▶ [THE PROBLEM] Repeat the listing exactly. Pictures stay out of your copy.

▶ [SUPPLIED INFORMATION]

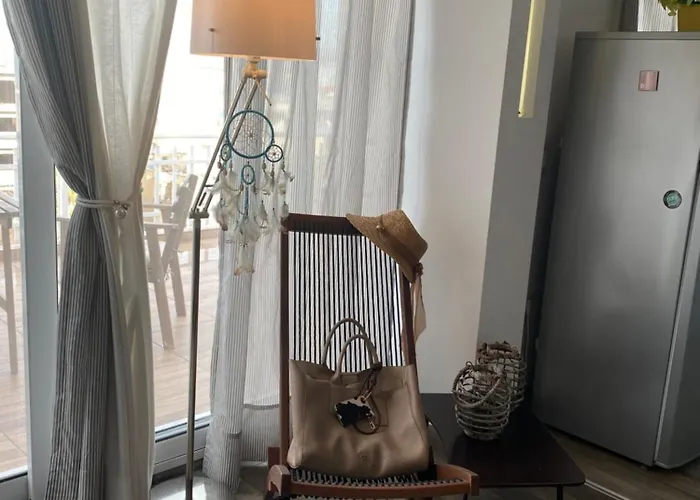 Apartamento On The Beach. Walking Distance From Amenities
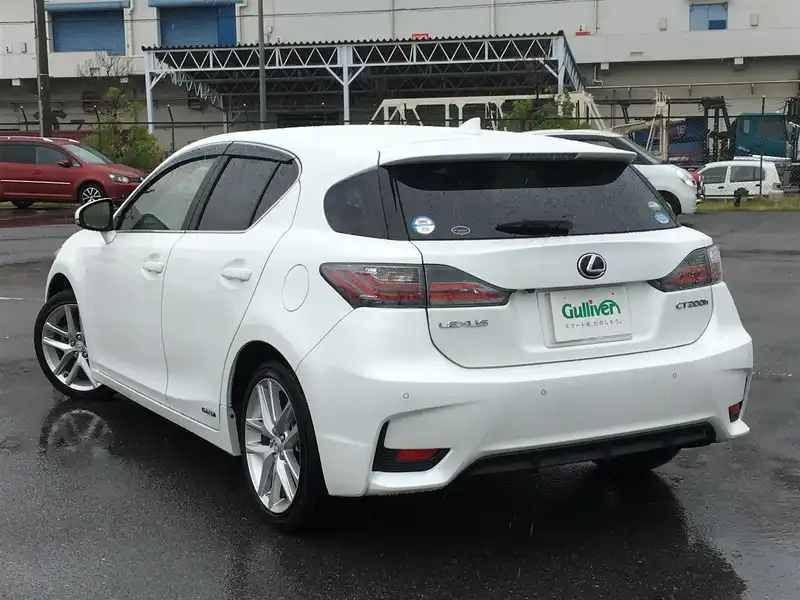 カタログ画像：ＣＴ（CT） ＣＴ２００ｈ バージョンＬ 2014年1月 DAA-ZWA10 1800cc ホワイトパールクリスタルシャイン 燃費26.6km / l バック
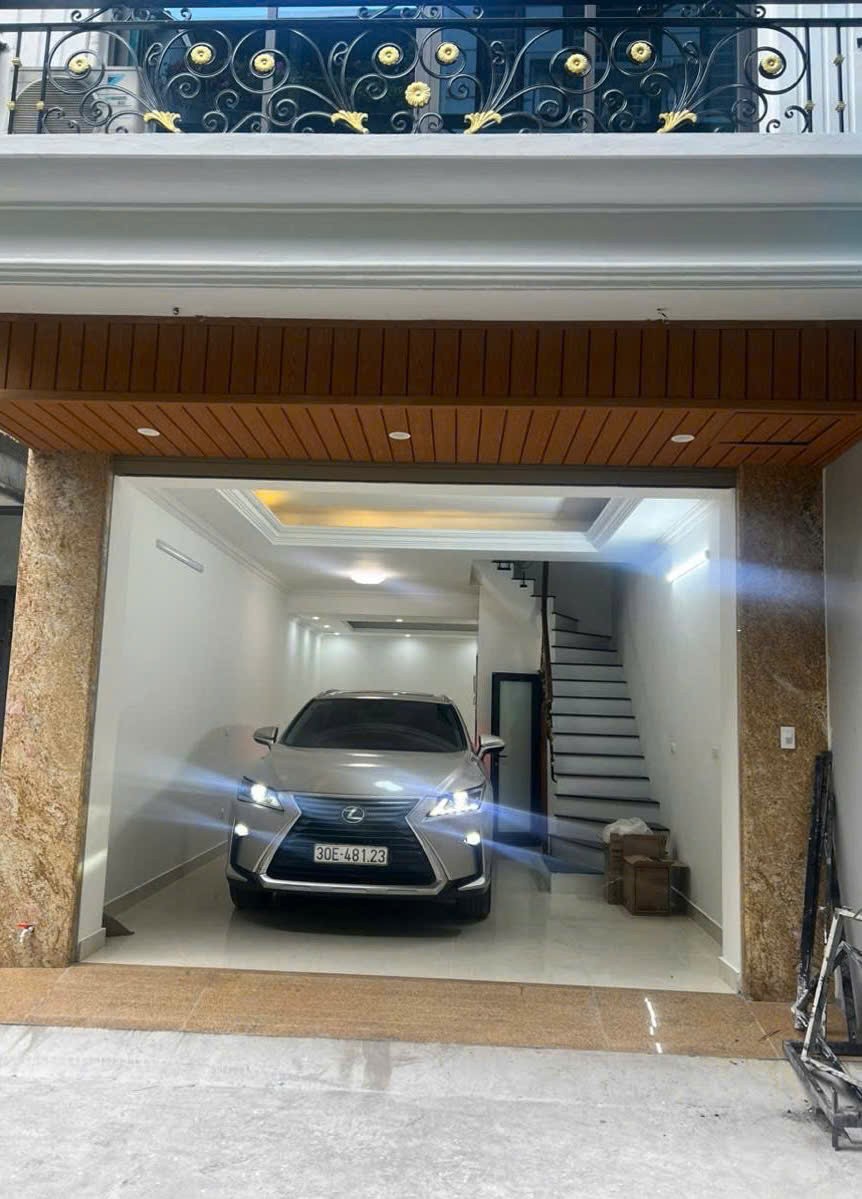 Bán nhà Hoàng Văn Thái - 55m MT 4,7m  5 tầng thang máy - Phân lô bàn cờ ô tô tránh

▶ [OUTPUT FOR THIS EXERCISE]
 Apartamento On The Beach. Walking Distance From Amenities
 カタログ画像：ＣＴ（CT） ＣＴ２００ｈ バージョンＬ 2014年1月 DAA-ZWA10 1800cc ホワイトパールクリスタルシャイン 燃費26.6km / l バック
 Bán nhà Hoàng Văn Thái - 55m MT 4,7m  5 tầng thang máy - Phân lô bàn cờ ô tô tránh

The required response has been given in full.